BEGIN Records to process

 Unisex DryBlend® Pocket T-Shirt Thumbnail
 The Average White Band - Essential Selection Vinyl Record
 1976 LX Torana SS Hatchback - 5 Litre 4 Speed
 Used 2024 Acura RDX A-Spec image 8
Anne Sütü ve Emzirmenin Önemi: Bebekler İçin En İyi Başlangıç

END Records to process
BEGIN Records to process

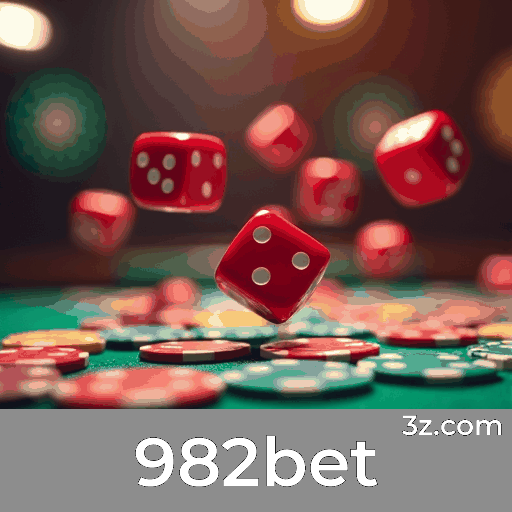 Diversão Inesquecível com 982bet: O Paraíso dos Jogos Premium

END Records to process

Please give back, exactly as it stands above, the stretch from the line with "The Average White" through the line with "Anne Sütü ve", and no line outside it.

Exercise result:
 The Average White Band - Essential Selection Vinyl Record
 1976 LX Torana SS Hatchback - 5 Litre 4 Speed
 Used 2024 Acura RDX A-Spec image 8
Anne Sütü ve Emzirmenin Önemi: Bebekler İçin En İyi Başlangıç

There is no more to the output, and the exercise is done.